Mais en janvier 1978, à la veille de l'audience pour confirmer l'accord juridique, le juge fait volte-face, considérant que la sentence n'est pas suffisante. Roman Polanski, qui risque la peine maximum, s'envole pour Paris le 31 janvier. La justice américaine délivre un mandat d'arrêt international, mais les deux pays d'origine du cinéaste (la France et la Pologne) refusent de l'extrader.
En 2009, il est néanmoins arrêté à Zurich : il écope de deux mois de prison et huit mois d'assignation à résidence dans son chalet de Gstaad. En 2010, la Suisse rejette finalement la demande d'extradition. Aujourd'hui, la Justice américaine est toujours à ses trousses.
2010, les accusations de Charlotte Lewis en plein festival de Cannes
En mai 2010, l'actrice britannique Charlotte Lewis accuse le réalisateur d'avoir "abusé sexuellement de la pire façon possible" d'elle lors d'un casting organisé chez lui en 1983. "M. Polanski savait que je ne n’avais que 16 ans quand nous nous sommes rencontrés, et il m’a forcée (à avoir des relations sexuelles avec lui) dans son appartement à Paris", déclare-t-elle lors d'une conférence de presse à Los Angeles.

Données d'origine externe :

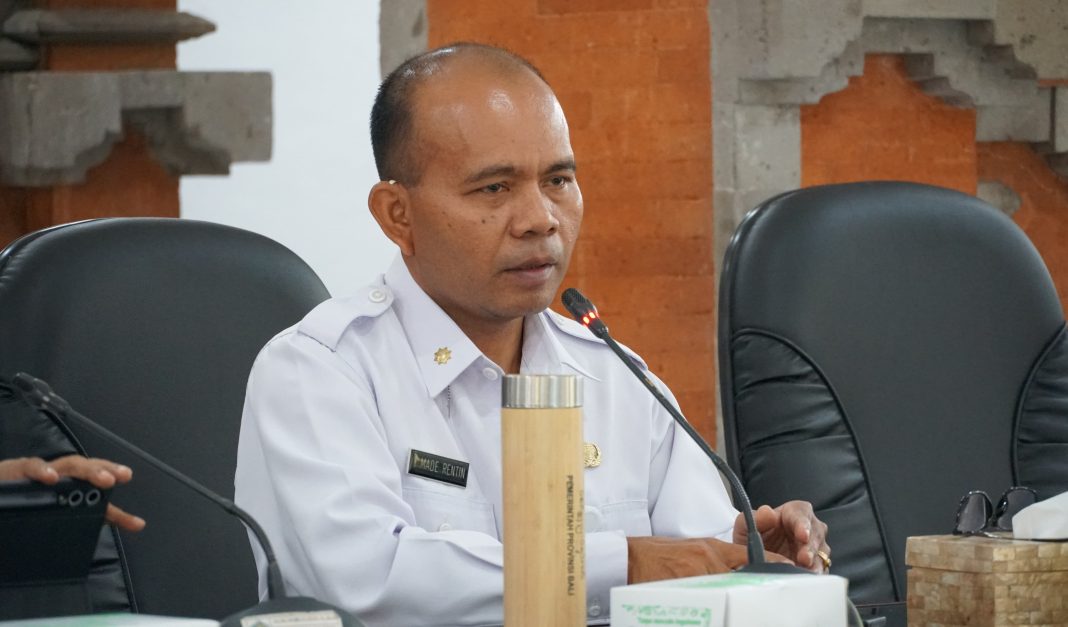 ngatkan Komitmen Jalankan Tanggung Jawab Sosial dan Lingkungan, Pemprov Bali Gelar Rapat dengan Pelaku Usaha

Mais la même année, peu après les accusations de Charlotte Lewis, le journal Libération exhume un document surprenant : une interview de l'actrice à un journal britannique, News of the World, en 1999. Elle y racontait son passé d'escort-girl, en expliquant : "Je voulais être la maîtresse de Roman Polanski". De quoi, selon ses détracteurs, discréditer le témoignage de Charlotte Lewis. Le site News of the World ayant fermé en 2011, l'interview d'origine n'est plus accessible. À l'époque, les avocats de Roman Polanski avaient dit n’avoir "aucune information sur les déclarations faites lors de la conférence de presse".
2017, les accusations de "Robin" et de Renate Langer
En août 2017, une autre femme, identifiée sous le nom de "Robin", accuse Roman Polanski d'agression sexuelle lorsqu'elle avait 16 ans. Les faits qui auraient eu lieu en 1973 sont prescrits. "La raison pour laquelle j’ai gardé cela pour moi, c’est que je ne voulais pas que mon père fasse quelque chose qui aurait pu l’envoyer en prison pour le reste de sa vie", expliquait-elle alors. À noter que "Robin" est défendue par la même avocate que Charlotte Lewis : Gloria Allred.

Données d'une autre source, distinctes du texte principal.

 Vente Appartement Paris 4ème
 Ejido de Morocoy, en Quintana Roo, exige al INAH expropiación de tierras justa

Un mois plus tard, Renate Langer, ancienne actrice, dépose à son tour une plainte pour viol. Elle affirme avoir été violée en 1972 à Gstaad, soit au même endroit, et trois ans avant, l'agression supposée de Valentine Monnier. Renate Langer était âgée de 15 ans : en 2017, la justice suisse considère également que ces faits sont prescrits. À chaque fois, l'avocat du réalisateur déclare que les accusations sont "sans fondement".
En 2017, Polanski est contraint de renoncer à présider les César. On est alors en pleine affaire Weinstein et le mouvement féministe réclame son départ. Le 3 mai 2018, enfin, l'Académie des Oscars exclut Roman Polanski. Le réalisateur, membre depuis 1968 et oscarisé pour le film "Le Pianiste" dépose un recours.